The Taxi Rider Bill of Rights consists of 10 rules and they are pretty straightforward and reasonable stuff. They include being able to take your preferred route, to receive a printed receipt for all metered rides, to have a courteous, trained professional driver who knows and obeys all the traffic laws - though some claim this one to be unfair in Boston because no one obeys the traffic laws! To request that the driver not talk on a cellphone while driving, be familiar with the streets of Boston, and finally to have windows, heat and air-conditioning that work are also included.

Now I could regale you with my tales of good and not-so-good cab experiences in the city of Boston. I could tell you about the lovely drivers with whom I have had pleasant exchanges and who have provided safe and helpful service. I could also tell you about the drivers who sighed loudly because they did not think I was a good enough fare as the trip as too short, or who talked loudly on their phone the whole time, or who ran red lights. Many of them. I have been yelled at for getting into cabs at the end of the line and yelled at for getting in cabs in the front of the line. If I am taking a cab home, the giveaway on whether or not the trip will be good is if they cannot find the landmark nearest my building which is Cheers. My friends, it is a very sad day indeed when a cab driver in Boston cannot find Cheers!

A few years ago, an article entitled "Hub's Cab Service Humbled by NYC's" appeared in the newspaper (The Boston Herald, Thomas Keane, Feb 11, 2000). It compared taxi service in New York to the taxi service in Boston. And guess what? New York won hands down. Among the numerous reasons listed was this - that in New York every cab has a light on its roof and depending on how it is illuminated you can tell at a distance whether it is available, in use, or not in service. In Boston we use a much simpler technology: the squint system. According to the author here is how it works. If a cab is coming down the street, squint and look real closely. Do you see what appears to be a body in the back? If so, it is probably a passenger. That means the cab is unavailable.

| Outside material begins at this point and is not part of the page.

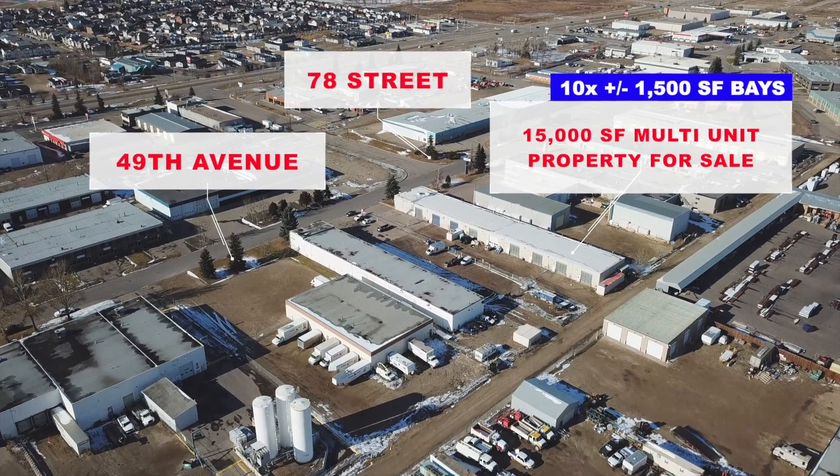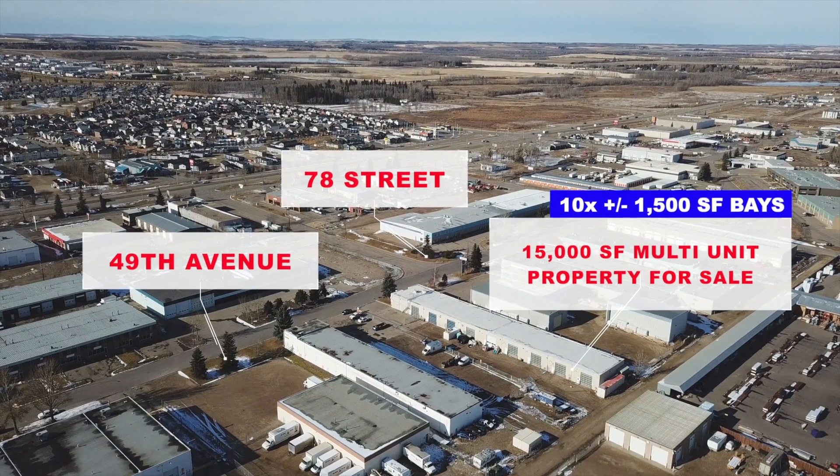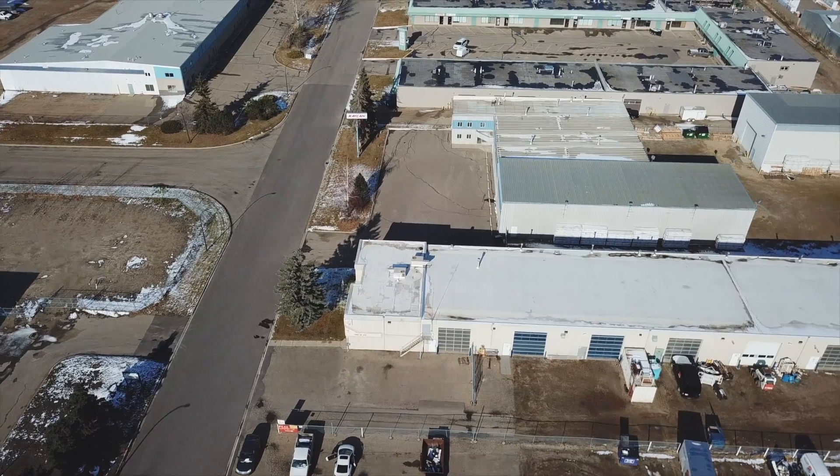The property includes a 15,000 square foot building consisting of 10 1,500 square foot bays on 0.68 acres in Northlands Industrial Park.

In many ways I think we squint our way through the season of Advent as we look at what is coming down the road at us. The squint system might indeed be the very method of Christians throughout time, including the prophet Isaiah and John the Baptist. We look in the distance for something recognizable; we squint and look closely and sometimes it passes us right by. This new season of Advent is worth our pausing for, as we begin a new liturgical year in which we will hear, week by week, Marks understanding of the Christian life.

The Gospel of Mark begins not with the genealogy of Jesus, or the story of the annunciation to the Mary but rather it begins by recounting these words of the prophet Isaiah, "see I am sending my messenger ahead of you, who will prepare your way." There is indeed urgency to this message in getting the good news, the gospel, out into the very world for which the savior came in the first place. Mark in fact reaches back to the very words of the prophet Isaiah at the beginning of his Gospel to make clear, perhaps, that what he is to tell will link forever Jesus Christ the Son of God as the one for whom he prepared, and Isaiah prepared and, in fact, the one for whom we prepare even to this day.

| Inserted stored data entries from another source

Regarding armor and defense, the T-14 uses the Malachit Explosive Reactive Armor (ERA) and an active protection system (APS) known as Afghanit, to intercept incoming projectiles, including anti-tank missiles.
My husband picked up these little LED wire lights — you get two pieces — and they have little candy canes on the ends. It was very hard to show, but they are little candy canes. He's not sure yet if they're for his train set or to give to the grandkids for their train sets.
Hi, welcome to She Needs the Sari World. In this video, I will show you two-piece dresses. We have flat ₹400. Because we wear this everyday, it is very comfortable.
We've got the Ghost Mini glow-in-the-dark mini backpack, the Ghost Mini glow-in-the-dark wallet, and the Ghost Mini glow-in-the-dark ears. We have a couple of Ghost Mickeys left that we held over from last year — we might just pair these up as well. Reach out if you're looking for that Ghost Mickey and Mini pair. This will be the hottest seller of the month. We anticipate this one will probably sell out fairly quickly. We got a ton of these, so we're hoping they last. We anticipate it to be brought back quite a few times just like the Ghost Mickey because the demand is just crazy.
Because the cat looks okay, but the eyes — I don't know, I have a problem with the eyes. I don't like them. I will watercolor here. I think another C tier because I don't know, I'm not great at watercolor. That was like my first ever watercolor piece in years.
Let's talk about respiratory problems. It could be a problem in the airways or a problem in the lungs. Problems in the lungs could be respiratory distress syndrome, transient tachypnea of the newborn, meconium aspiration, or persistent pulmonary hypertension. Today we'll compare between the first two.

That John the Baptist called for repentance and was followed by people from the whole Judean countryside and Jerusalem is important, it seems, for two things. First, that repentance has always been a benchmark for people of faith and second that Jesus does not ask us to do anything or go anywhere where he has not led the way.

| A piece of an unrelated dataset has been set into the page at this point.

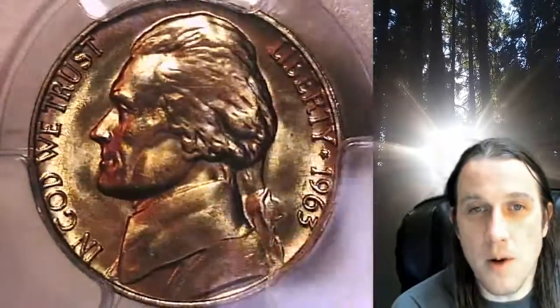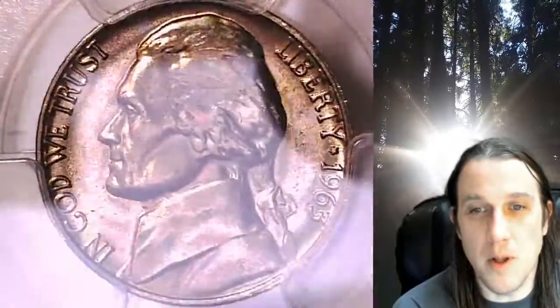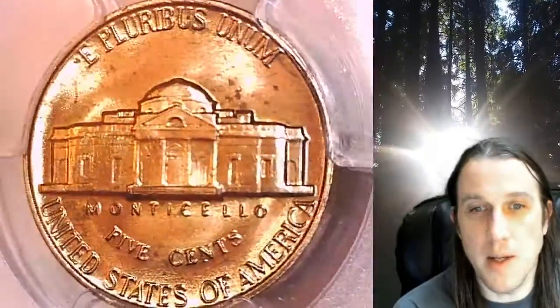This coin is going to go up for sale on my eBay store. You can find a link in the description below the video — it'll take you to this exact coin on eBay. Once there, you can also find over 5,000 PCGS graded coins for sale in my eBay store.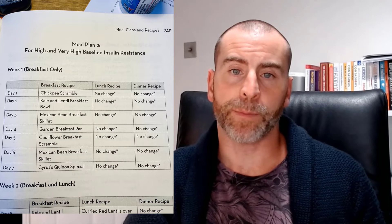As I mentioned on yesterday's vlog, I wasn't quite up to speed with exactly what I should be doing. But if you take a look here, you can see these are the breakfasts the book tells me I should be eating, because I am on meal plan two which is for high baseline insulin resistance. Week 1, breakfast only, day 2: kale and lentil breakfast bowl.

Repentance. Let's think about repentance. It is a not a word in our daily lexicon. It is definitely a church word; a word weighted with duty and responsibility. It is not a word that makes us a feel good, not compatible with the power of positive thinking that permeates our society. But repentance is at the heart of what we hear from Isaiah and Mark this day. Repentance is an acknowledgement of our failings and an active willingness to realign our lives. Repentance is the precursor to forgiveness which we often want to skip right over. But here we are reminded again of our own shortcomings, our own failings, and our own inability to save ourselves. We need to repent, and some of us often, for the ways in which miss both hearing and living the Good News of Jesus Christ.

Leading the way. One of the most frequently asked questions in baptism preparation with parents and godparents is this, "If Jesus is the Son of God, why did he have to be baptized?" I think the real answer is that he didn't. Jesus did not need to be baptized to be the Son of God, or to engage in his earthly ministry or to die and rise again. But Jesus chose to be baptized, as was the custom for faithful Jews at that time. Jesus did not become a Christian at his baptism. He was born and lived and died as a faithful Jew. That may come as news to some of you. So if he did not get baptized for the reasons we do, then why did he do it at all? Because he understood the need for repentance, for realigning and recommitting lives, our own and those around us, even in the midst of living them.

When we prepare infants and their families each month for baptism, we are clear that this is a significant milestone in their lives and in this community of faith. We baptize because Jesus told us to and because he himself was by John the Baptist. In other words we do what Jesus said and did. We follow his lead. We do not baptize because it is the socially appropriate thing to do or because it could make God love the child (or adult) anymore. All of us, by virtue of our creation and birth are children of God. Baptism marks us as Christ's own forever and grafts us to the life of the Christian community. It comes with responsibilities and challenges, but also deep and profound joys. It means that we spend our lives preparing the way for the one who is to come, on the lookout for him, squinting into the distance together.

We break bread and drink the cup for the very same reasons . Jesus both did it and commanded us to do the same in remembrance of him.

If the message of John the Baptist invites us to repent and the season of Advent invites us to anticipate and the world around us encourages us to consume, is it any wonder that this is a wonderfully complicated time of year? When you squint and look closely, what do you see in the distance?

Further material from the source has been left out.